## Supplied information
┄┄┄┄┄┄

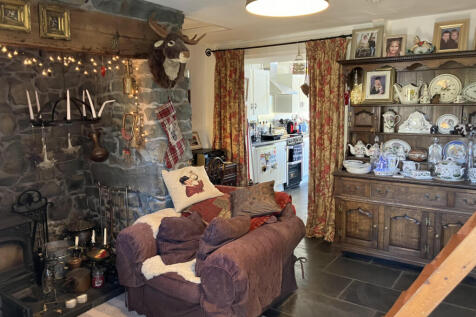 Cottage with 2 Acres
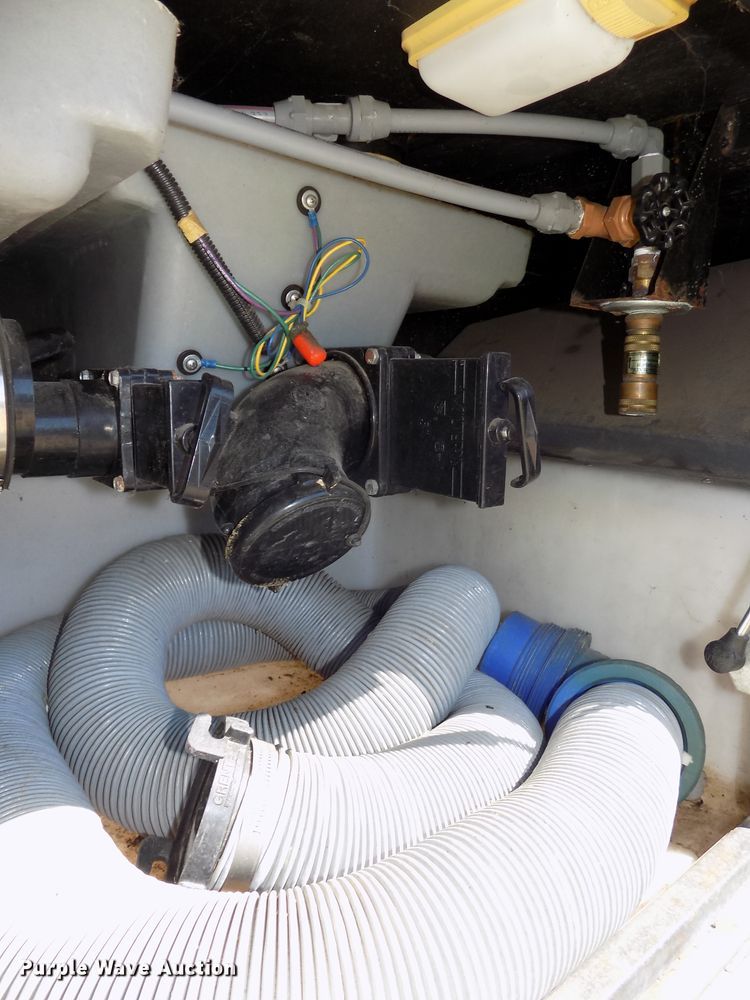 image for item DE7753 1994 Winnebago Vector RV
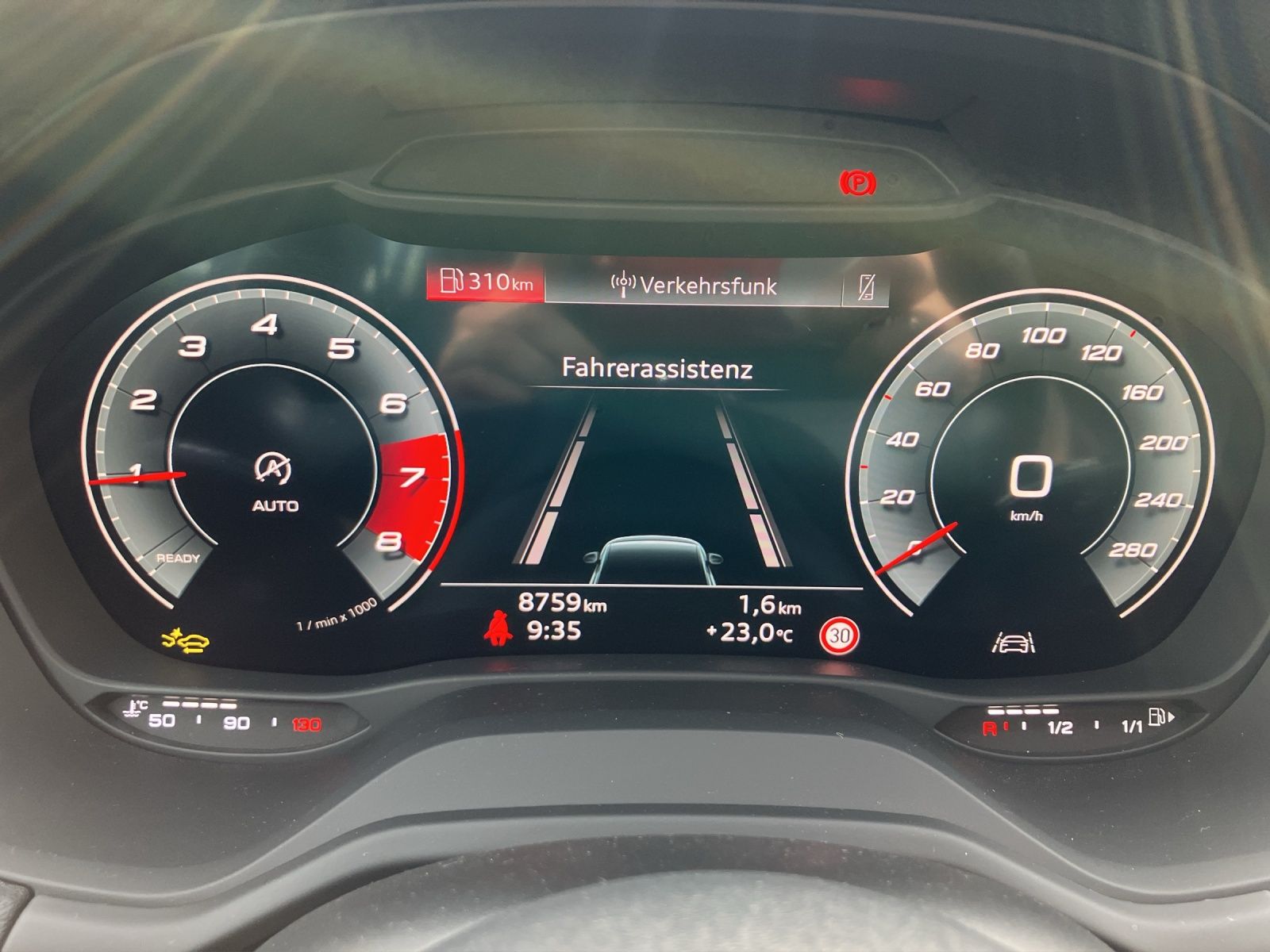 Fahrzeugabbildung Audi Q2 35 TFSI advanced LED ACC AVC RFK SH
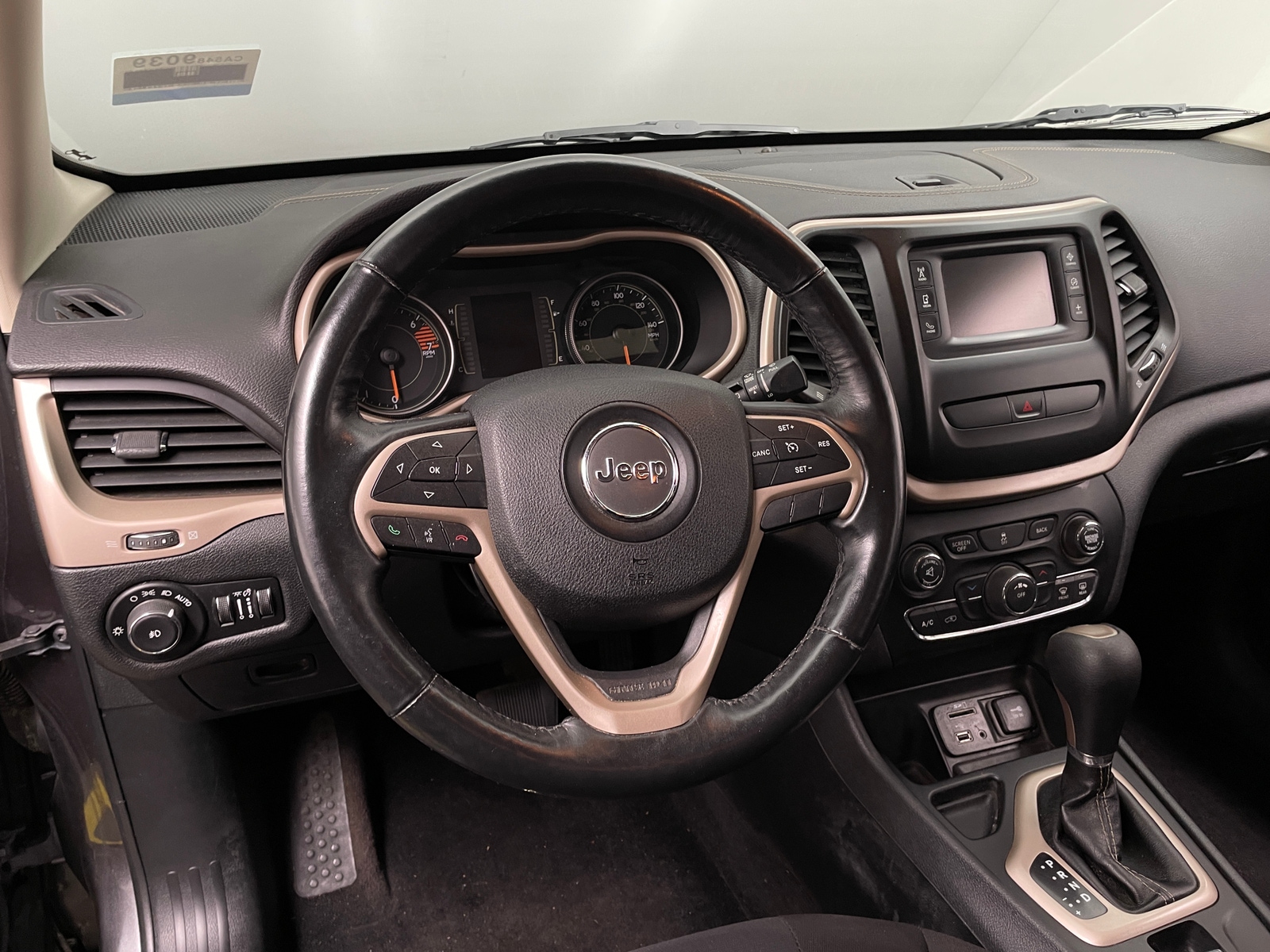 Thumbnail: 2017 Jeep Cherokee - 5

┄┄┄┄┄┄

Please copy the data shown above precisely, leaving the images out.

## Exercise response
 Cottage with 2 Acres
 image for item DE7753 1994 Winnebago Vector RV
 Fahrzeugabbildung Audi Q2 35 TFSI advanced LED ACC AVC RFK SH
 Thumbnail: 2017 Jeep Cherokee - 5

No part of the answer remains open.